Atreverse a dar razón de nuestra existencia: las cosas son porque Dios es

El hombre tiende, lo ha hecho siempre, a dar cuenta de la realidad que lo envuelve. Se apoya en la razón, su compañía durante el viaje de la vida.

La primera lección, aprendida de una forma natural, desde la niñez, se llama realismo, es decir, todas las cosas sensibles que nos rodean son verdaderas. Los sentidos no nos engañan, como se ha dicho alguna vez en la historia del pensamiento.

Pero, los sentidos no nos dicen toda verdad. Hay verdades de primera magnitud, importantes para el hombre, y se aprenden intelectualmente.
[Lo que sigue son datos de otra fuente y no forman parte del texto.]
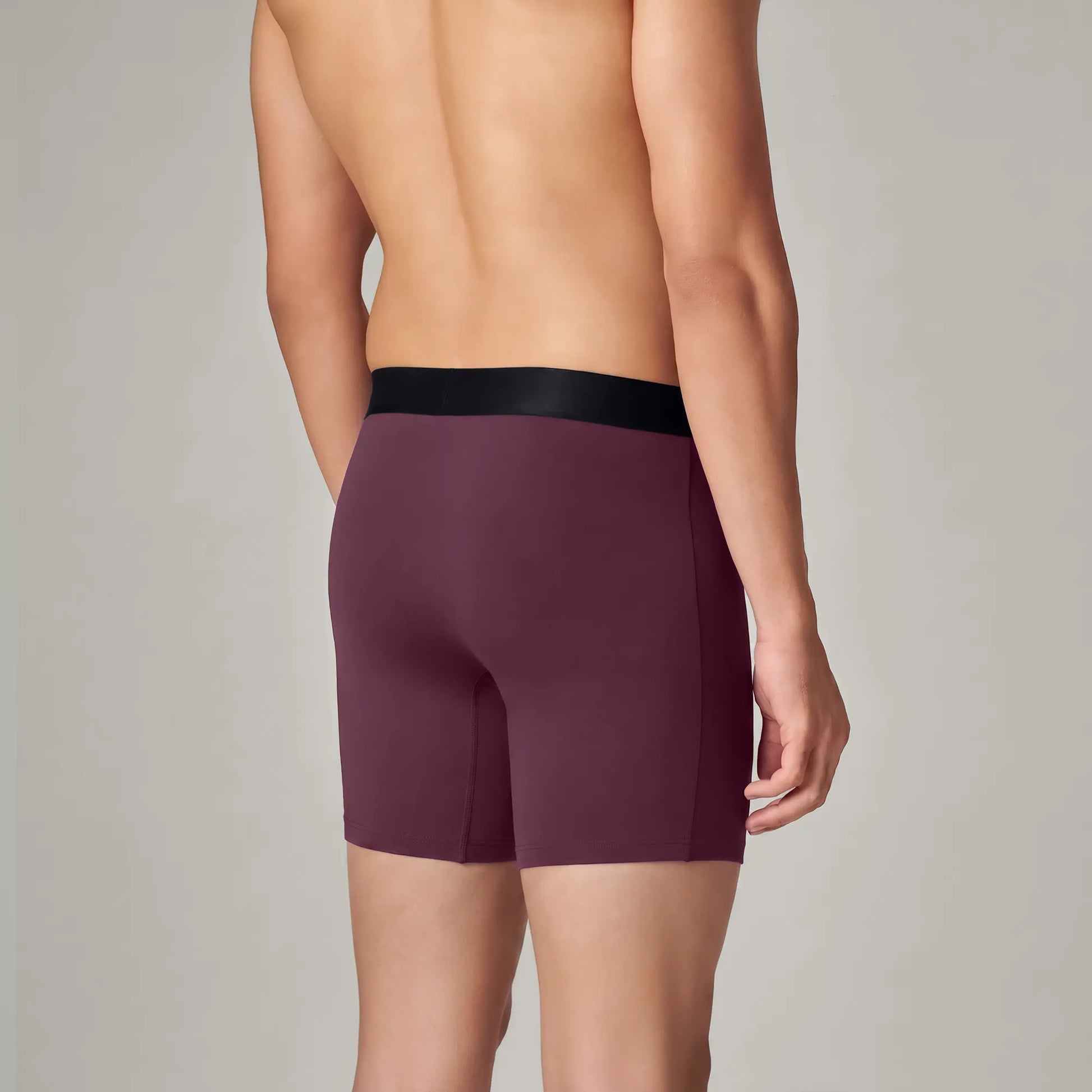 Alpha Tactel Boxer Briefs -Auburn Red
El entendimiento humano, sin hacer juicios, va captando la verdad de las cosas, y comprueba cómo una se enlaza con otra.  Las verdades del corazón se unen sin confundirse, y ahí se junta el amor, el sentido de la vida, el principio y el fin del hombre... Pero son las cosas mismas las que nos hablan de Dios, de su creador.

Por ejemplo, para que algo sea, debe recibir el ser, en primer lugar. Y debe recibirlo de  quien lo tenga en propiedad: el verum esse. No se puede dar el salto de algo a alguien, aunque el empeño puesto por el transicionalismo, hoy tan de moda, quiera vendernos el absurdo como si no pasara nada, como una moda más de este mundo cuajado de relativismo. Se quiere llevar la realidad del movimiento, del cambio natural operado en las cosas, a la  indeterminación absoluta, que se apodera de nuestro pensamiento, cuando seguimos la moda con desapego a la verdad.
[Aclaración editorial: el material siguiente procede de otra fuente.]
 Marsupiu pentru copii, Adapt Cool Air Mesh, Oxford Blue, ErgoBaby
El paso gradual de la nada al ser, el paso del ser algo a ser alguien, el paso de ser hombre sexuado a ser lo que uno elija...no existe. Explotar la evolución  más allá de sus límites conduce a la fantasía.  El desprecio del verum esse, Dios, del que provienen todas las cosas que son porque así lo ha querido, nos conduce a ideologías casi irracionales acerca del hombre, su origen, y el del universo: lo cambiante como un ser en sí mismo. La idea que, con el tiempo, llega a existir. Cuesta admitir, cuando se piensa de esta manera, en la identidad de esencia y existencia, tal como se da en Dios, sin recurrir al tiempo.

Tal como aparece en el último verso de la Divina Comedia, "el amor che muove il Sole e l'Altre stelle", nos dice de la esencia divina y nuestra presencia en el mundo: es el amor que mueve. Sin el amor en el universo, todo volvería a la nada. Tan fuerte y necesario es el amor para nosotros, para seguirnos moviendo en libertad. Es decir, el amor nos quiere para algo. De ahí el sentido de la libertad, que debemos buscar, no referido solamente a un mover físico sino integral, incluyendo el del espíritu.

Desde luego, ese sentido ni puede estar en acabar con la vida, como hoy tantos pretenden de diferentes maneras, ni menos aún impedirla, pues se acabaría la posibilidad de disfrutar todo lo implicado por ella, de la felicidad.

Es decir, al "ver" una cosa nos quedamos con algo más que la figura material. Se abstrae, sin duda alguna, éso, una intuición que, sin haber visto cada uno de los miembros de una especie, sabemos que pertenece a ella. De ahí surge el concepto para llamar las cosas por su nombre. Jamás  confundiremos al "hombre" con un animal de otra especie. Hay un cierto "orden" en cada cosa, suficiente para calar su naturaleza.

Y la palabra nacida al abrigo del concepto se refiere y llama la cosa real, y nos pretende mostrar la verdad que se encierra en la "realidad que nos envuelve". Sólo el Ser tenido en propiedad, puede transferir el ser; los padres colaboran con su apertura a esta donación, pero no crean el ser recibido. No pueden, por tanto, entretenerse en la manipulación mecánica de lo que no les pertenece.

Cuando se destruye el orden natural, se destruye la amistad con el Creador.